• [What is expected]: Word for word, restate the lines from the top of the records below through the line with "Two Hippos Hippopotamus", both included, with no pictures in the result.

Collection entries
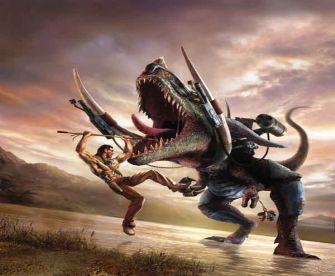 Turok Fights T-Rex Art
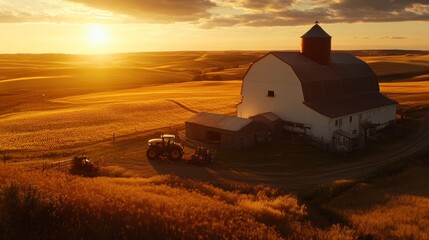 Golden Hour Farm: A Serene Sunset over Rolling Fields and a Rustic Barn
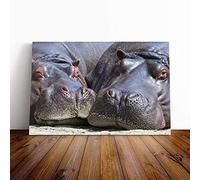 Two Hippos Hippopotamus Canvas Print | Gallery Wrapped 30mm Frame Wall Art | 24x16 inches | Ready to Hang | Modern Animal Picture | Living Room Bedroom Lounge Office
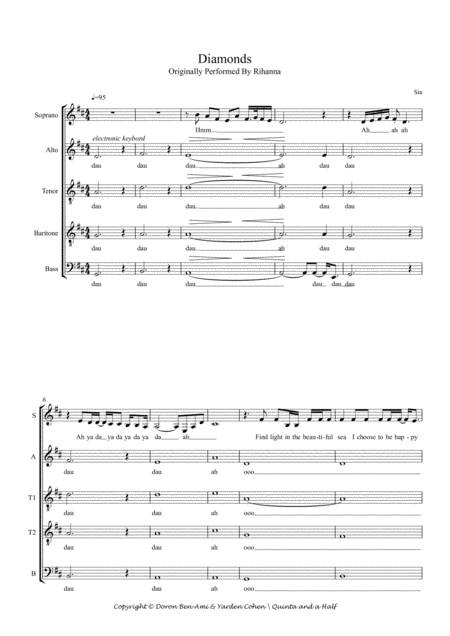 Free Sheet Music Diamonds A Cappella Arrangement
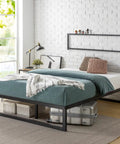 Queen Size Metal Platform Bed Frame With Reinforced Steel Slat Support And Absolutely No Box Spring Required No Sweat Assembly with cozy bedding.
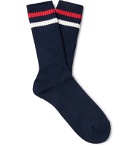 Beams Plus - Schoolboy Striped Cotton-Blend Socks - Blue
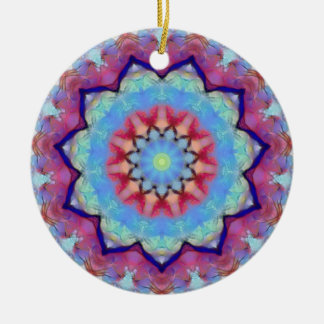 Rainbow Flower Mandala Round Ornament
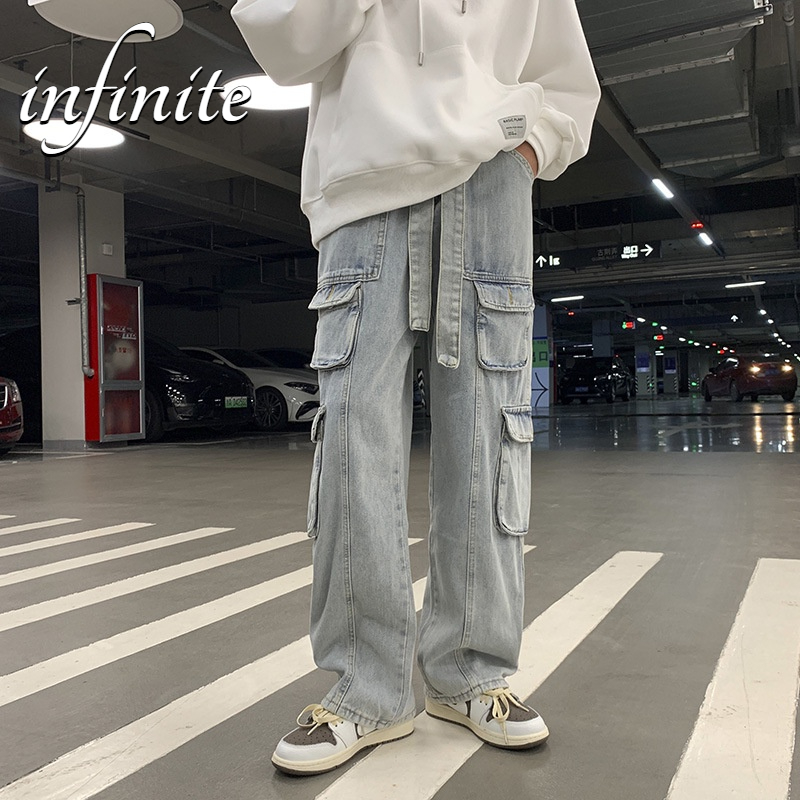 Quần Jean Dài Ống Rộng Phối Nhiều Túi Phong Cách hip hop Đường Phố Cá Tính Cho Nam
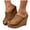 Brown, variant on Women's Peep Toe Platform Sandals Cork Wedge Lightweight Canvas Mules Comfortable Slip On Dress Summer Slides Shoes Brown Size 6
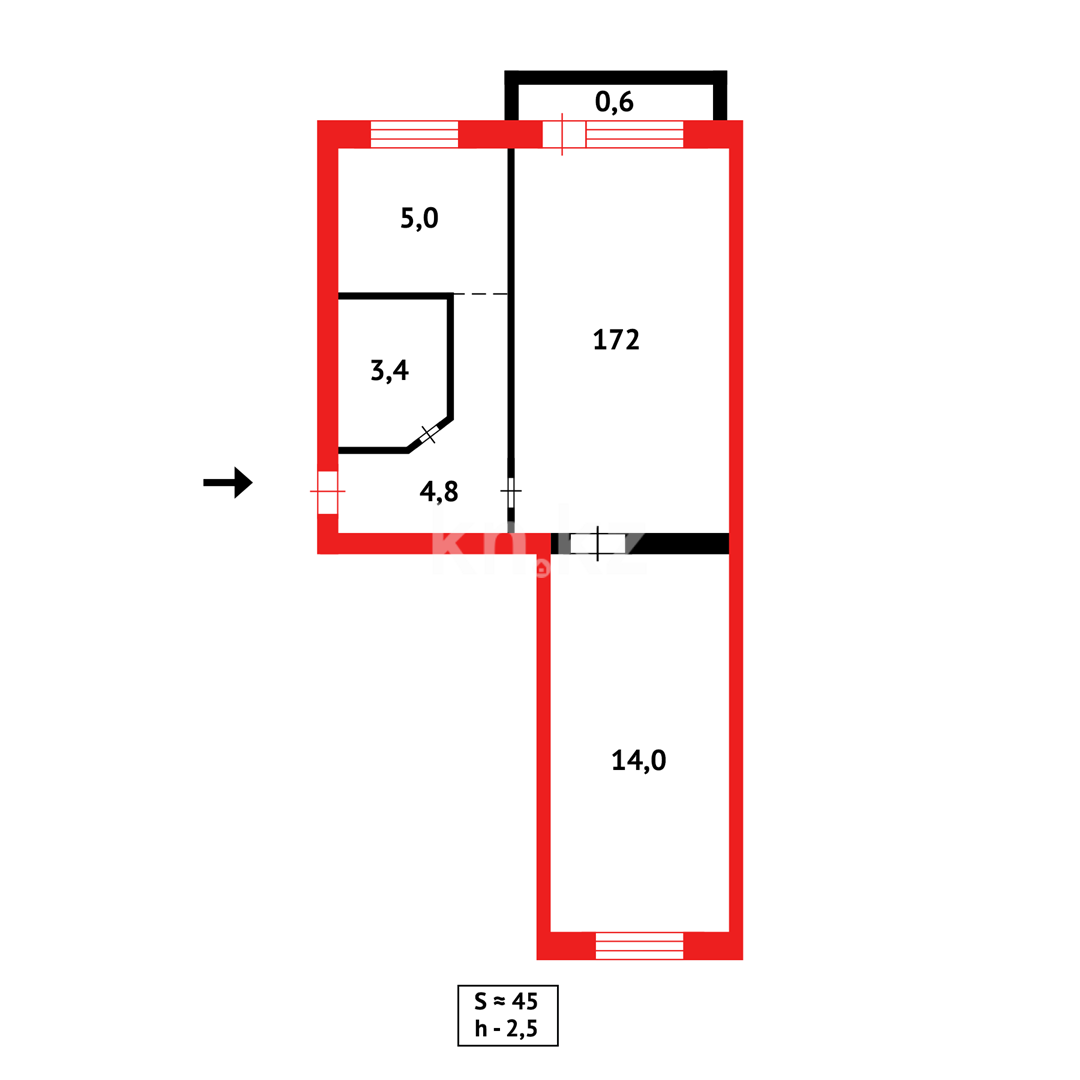 Продажа 2-комнатной квартиры, 45 м², мкр-н 14 в Караганде - фото 12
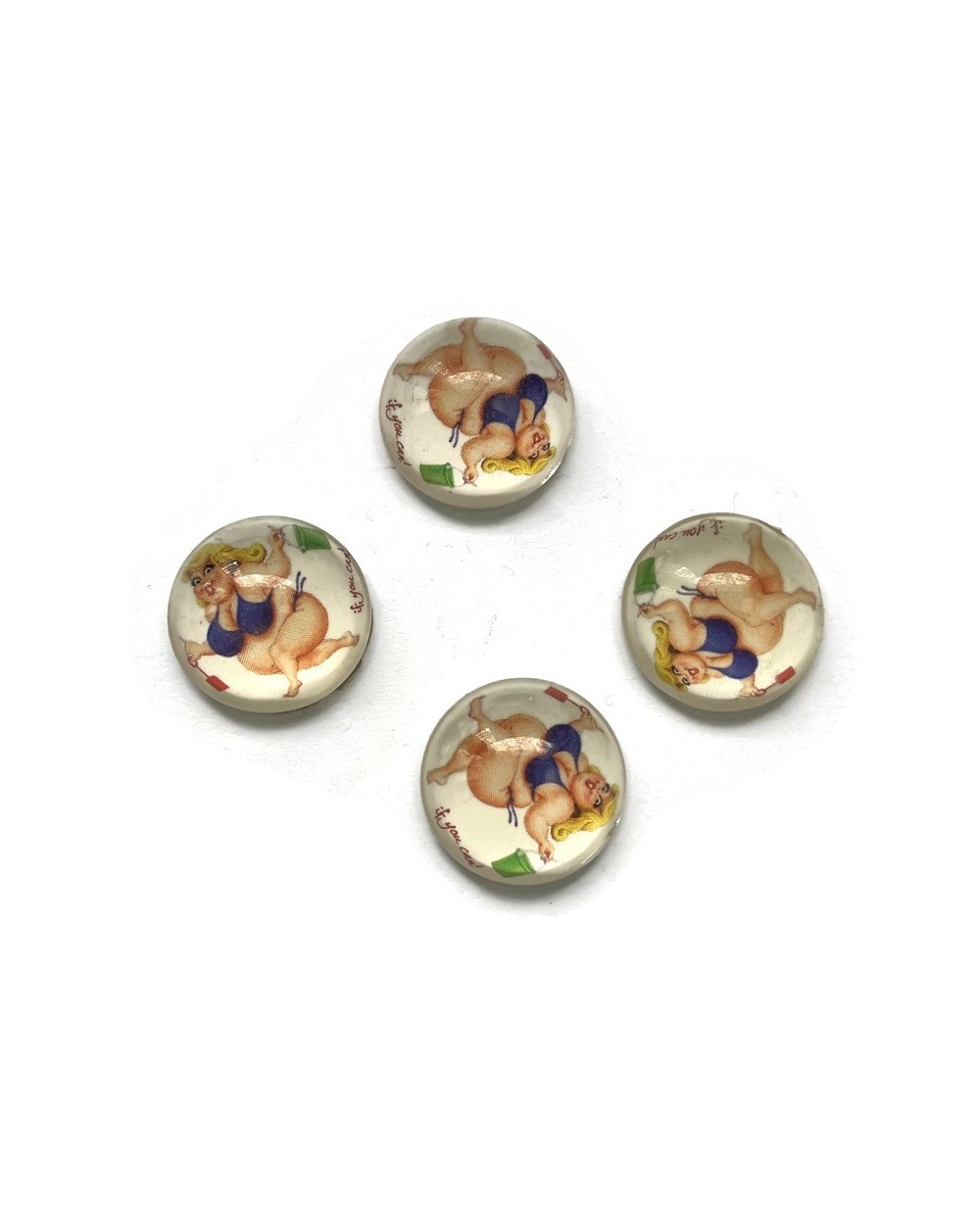 Kaboszon okrągły z kobietą 20x20x8mm-2szt.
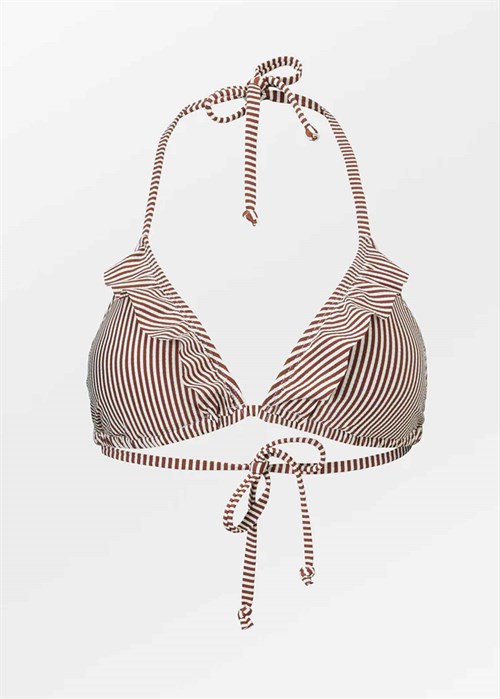 Striba Bel frill bikini top Sorrel Brown Becksøndergaard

• [Reply to the exercise]:
 Turok Fights T-Rex Art
 Golden Hour Farm: A Serene Sunset over Rolling Fields and a Rustic Barn
 Two Hippos Hippopotamus Canvas Print | Gallery Wrapped 30mm Frame Wall Art | 24x16 inches | Ready to Hang | Modern Animal Picture | Living Room Bedroom Lounge Office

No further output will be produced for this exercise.